>>100878810Nobody's going to be able to come up with a satisfactory answer to this because it's something people have been arguing about for two thousand years. It's a quote that has been used and misused by early Christian authors from the apologists and on.
There are a few points that are worth making, though:
Firstly, it doesn't have to be pro- or anti-Roman. A common interpretation is that this is simply Jesus stating what the concerns of his movement are to be. Jesus is concerned with the Heavenly Kingdom, not the world of Earthly rulers: his followers are to focus on a spiritual empire, not the present one. Regime change doesn't concern Jesus; his followers should pay their taxes because secular authority basically doesn't matter. In spirit there's a lot of agreement with Paul's injunction to submit to earthly authority (Romans 13:1-7), which may or may not be an interpolation. There's also an element of not coveting wealth/other's possessions: money belongs to the state because the state minted it, and money is not an object of particular interest for Jesus or his followers.
At the same time, it's also implicitly a limit on the competencies of the secular authorities. Tax is their sphere: proper spirituality is ours. Many early Christian authors draw this out explicitly when commenting on this passage, contrasting the duty of Christians to pay taxes (which is a lawful request of the emperor, and lawfully complied with by Christians) with imperial cult and emperor worship (which is not lawful).

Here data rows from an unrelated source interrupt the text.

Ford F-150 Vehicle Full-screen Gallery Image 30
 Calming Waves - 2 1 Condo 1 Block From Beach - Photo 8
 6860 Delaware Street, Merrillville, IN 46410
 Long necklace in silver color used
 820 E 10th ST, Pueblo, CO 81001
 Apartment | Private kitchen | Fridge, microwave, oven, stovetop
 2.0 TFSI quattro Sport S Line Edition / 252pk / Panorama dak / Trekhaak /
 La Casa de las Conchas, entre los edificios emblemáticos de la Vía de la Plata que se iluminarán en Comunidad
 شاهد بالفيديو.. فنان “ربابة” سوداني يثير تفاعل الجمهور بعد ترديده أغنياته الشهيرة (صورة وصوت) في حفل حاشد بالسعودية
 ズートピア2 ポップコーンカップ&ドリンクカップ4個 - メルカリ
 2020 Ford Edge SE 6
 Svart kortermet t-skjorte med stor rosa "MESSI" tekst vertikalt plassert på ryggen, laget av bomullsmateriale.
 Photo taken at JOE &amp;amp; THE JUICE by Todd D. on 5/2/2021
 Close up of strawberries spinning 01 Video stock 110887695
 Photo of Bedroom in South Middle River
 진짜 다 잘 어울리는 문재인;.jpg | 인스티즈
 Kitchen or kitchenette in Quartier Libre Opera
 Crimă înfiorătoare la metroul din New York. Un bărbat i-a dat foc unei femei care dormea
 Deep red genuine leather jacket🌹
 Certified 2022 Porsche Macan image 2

Of course it has been also interpreted as more of a positive statement about empire, and was so used by subsequent authors to argue that Christians were good citizens and should not be persecuted.
Some modern commentators have also seen it as a specific statement of Jesus' non-violent message, distancing the Jesus movement - perhaps deliberately and self-interestedly - from contemporaneous Jewish revolutionary agitation, bearing in mind that the gospels seem to take form in the aftermath of the Jewish War.